= Sheffield Phelps =

American businessman and philanthropist (1920–2006)

Sheffield Phelps (1921–2006) was an American businessperson, and a prominent figure in the art community. He was the scion of an old New England family who moved to Washington state and rose to become president of Seafirst Mortgage company, the Seattle Opera Board, and the Pacific Northwest Ballet. He left behind a remarkable record in business and civic life, most notably as a financial and organizational pillar for the Pacific Northwest Ballet.

Descended from a family that landed in Massachusetts in 1634, he grew up in New England, preparing for college at St. Mark's School in Southborough, Massachusetts and attending Yale University. He served as a United States Marine Corps Major during World War II, flying 92 missions with reconnaissance planes and earning the Distinguished Flying Cross.
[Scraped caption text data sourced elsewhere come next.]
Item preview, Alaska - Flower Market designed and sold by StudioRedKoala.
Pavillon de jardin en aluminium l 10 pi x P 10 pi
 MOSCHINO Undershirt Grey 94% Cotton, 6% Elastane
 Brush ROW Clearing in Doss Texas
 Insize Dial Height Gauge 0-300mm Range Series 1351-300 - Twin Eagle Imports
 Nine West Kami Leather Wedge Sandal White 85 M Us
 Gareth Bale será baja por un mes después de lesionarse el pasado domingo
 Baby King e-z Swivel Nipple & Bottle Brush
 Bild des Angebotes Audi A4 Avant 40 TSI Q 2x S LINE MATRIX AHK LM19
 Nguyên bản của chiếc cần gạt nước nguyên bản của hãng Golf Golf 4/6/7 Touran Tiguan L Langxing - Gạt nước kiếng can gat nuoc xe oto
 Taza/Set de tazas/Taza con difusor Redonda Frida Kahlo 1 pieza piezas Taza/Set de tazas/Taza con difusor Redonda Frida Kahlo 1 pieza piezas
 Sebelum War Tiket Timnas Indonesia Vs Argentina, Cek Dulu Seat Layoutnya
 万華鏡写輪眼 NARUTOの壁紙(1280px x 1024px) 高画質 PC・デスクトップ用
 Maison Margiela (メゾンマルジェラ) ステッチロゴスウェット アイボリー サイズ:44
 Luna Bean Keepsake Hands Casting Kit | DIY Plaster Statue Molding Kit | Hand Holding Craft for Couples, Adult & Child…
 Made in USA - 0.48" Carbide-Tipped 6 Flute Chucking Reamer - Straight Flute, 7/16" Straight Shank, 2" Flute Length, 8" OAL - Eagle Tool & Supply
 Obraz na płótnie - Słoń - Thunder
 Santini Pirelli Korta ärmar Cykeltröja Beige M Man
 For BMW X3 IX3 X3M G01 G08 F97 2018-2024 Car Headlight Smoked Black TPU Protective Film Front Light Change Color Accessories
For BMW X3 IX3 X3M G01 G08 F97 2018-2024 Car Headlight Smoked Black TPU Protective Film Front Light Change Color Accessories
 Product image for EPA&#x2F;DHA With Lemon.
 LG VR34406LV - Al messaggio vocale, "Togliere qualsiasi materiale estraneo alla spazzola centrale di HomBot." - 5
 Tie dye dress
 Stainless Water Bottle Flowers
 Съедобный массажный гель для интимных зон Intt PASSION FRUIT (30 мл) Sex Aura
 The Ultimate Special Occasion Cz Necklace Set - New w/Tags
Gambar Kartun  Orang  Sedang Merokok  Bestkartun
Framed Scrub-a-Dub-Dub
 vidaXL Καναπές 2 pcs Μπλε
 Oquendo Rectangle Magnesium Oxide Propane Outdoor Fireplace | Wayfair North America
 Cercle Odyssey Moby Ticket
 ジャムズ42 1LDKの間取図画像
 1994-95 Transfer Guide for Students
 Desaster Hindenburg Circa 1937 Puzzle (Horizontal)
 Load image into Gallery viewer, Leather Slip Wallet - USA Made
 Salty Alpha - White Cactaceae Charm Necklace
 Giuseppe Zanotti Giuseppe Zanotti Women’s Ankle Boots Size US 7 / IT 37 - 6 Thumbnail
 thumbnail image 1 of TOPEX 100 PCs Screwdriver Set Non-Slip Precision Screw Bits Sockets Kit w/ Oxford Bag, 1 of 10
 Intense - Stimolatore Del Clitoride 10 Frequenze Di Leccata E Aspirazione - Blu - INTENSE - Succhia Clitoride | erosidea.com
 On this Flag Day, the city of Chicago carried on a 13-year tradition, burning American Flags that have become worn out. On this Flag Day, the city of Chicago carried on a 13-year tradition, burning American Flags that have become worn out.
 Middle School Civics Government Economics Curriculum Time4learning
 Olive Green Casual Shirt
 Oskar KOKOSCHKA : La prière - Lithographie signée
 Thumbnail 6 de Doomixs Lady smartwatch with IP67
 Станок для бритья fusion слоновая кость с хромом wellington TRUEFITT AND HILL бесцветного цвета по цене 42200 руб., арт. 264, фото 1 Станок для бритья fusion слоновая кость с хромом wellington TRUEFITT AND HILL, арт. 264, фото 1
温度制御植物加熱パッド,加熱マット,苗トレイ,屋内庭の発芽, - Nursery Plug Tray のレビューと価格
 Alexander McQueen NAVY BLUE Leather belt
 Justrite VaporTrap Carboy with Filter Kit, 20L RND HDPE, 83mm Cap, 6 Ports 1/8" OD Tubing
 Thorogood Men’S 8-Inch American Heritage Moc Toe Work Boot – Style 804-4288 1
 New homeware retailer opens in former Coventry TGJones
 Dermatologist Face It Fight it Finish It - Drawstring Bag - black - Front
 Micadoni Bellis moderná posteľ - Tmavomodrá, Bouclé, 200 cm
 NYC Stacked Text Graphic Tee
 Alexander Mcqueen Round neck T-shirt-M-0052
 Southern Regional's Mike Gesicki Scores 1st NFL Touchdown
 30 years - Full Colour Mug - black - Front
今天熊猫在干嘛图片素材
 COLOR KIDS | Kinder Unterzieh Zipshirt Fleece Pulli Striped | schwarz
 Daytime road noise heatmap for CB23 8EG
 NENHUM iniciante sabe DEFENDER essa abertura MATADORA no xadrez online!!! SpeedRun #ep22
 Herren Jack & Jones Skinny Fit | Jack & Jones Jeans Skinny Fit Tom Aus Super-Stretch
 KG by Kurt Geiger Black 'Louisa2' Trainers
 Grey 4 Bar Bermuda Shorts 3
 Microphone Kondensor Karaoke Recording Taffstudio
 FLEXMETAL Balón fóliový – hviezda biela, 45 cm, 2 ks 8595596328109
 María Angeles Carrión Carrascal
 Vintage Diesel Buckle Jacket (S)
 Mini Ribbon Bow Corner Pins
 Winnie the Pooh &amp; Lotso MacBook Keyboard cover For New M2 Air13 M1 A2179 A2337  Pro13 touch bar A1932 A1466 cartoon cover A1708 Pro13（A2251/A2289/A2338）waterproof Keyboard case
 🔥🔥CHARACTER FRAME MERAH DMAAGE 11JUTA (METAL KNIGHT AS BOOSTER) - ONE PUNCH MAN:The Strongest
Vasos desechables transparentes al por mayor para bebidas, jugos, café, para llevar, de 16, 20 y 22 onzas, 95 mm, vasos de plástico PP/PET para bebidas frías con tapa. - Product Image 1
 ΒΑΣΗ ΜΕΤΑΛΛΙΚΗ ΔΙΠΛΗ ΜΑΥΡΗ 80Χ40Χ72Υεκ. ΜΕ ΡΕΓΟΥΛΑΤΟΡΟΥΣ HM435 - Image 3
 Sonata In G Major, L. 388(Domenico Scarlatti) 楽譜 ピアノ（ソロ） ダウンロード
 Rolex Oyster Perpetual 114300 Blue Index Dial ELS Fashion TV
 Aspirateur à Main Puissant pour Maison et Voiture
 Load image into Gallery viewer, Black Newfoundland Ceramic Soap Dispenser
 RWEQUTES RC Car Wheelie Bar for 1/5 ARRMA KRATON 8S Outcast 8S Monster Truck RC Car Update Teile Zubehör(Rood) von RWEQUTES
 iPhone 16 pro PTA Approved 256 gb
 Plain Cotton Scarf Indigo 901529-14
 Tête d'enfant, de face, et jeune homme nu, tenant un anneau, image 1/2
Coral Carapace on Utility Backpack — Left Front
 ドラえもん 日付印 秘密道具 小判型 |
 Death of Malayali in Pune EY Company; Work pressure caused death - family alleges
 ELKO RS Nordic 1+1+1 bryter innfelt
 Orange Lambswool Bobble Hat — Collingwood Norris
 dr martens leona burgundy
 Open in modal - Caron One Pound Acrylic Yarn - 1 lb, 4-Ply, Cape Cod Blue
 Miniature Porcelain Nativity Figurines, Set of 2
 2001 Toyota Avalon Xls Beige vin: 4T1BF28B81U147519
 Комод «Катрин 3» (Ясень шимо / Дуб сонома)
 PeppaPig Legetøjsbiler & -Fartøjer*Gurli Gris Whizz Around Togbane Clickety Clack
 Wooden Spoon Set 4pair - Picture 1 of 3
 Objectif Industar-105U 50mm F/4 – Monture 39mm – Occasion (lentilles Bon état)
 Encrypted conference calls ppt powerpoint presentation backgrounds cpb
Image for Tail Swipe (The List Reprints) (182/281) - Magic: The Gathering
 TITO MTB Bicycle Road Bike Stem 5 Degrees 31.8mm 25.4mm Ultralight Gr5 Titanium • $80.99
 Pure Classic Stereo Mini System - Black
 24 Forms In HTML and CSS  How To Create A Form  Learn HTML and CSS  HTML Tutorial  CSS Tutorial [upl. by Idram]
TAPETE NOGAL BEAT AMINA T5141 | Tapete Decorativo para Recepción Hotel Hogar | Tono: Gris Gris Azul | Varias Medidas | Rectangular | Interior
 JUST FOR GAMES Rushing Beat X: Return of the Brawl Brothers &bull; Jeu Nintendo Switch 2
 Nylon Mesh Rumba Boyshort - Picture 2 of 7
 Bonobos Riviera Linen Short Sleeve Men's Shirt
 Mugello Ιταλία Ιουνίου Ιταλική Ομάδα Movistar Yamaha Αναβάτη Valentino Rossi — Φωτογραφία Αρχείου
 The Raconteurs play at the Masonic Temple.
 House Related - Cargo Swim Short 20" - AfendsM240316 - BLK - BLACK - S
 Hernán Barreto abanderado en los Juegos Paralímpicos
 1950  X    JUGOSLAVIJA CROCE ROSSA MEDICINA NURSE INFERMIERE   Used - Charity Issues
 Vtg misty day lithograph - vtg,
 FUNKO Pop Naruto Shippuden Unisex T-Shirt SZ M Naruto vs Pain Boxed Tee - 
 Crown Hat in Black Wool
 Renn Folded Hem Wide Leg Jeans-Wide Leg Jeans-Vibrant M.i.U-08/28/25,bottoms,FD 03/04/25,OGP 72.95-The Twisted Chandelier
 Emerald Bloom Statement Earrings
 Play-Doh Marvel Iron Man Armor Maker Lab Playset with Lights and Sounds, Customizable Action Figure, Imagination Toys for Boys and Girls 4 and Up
He was president of the Seattle Opera board when it helped launch the Pacific Northwest Ballet. He joined the new venture as board president, and in 1977 helped recruit the company's founding artistic directors, Kent Stowell and Francia Russell. The company's headquarters, the Phelps Center, bears his name. "Without him, there would not be Pacific Northwest Ballet," Stowell said.

Phelps' financial skills helped the ballet become a national model, and he never asked for artistic sacrifices to make the books balance, Stowell said.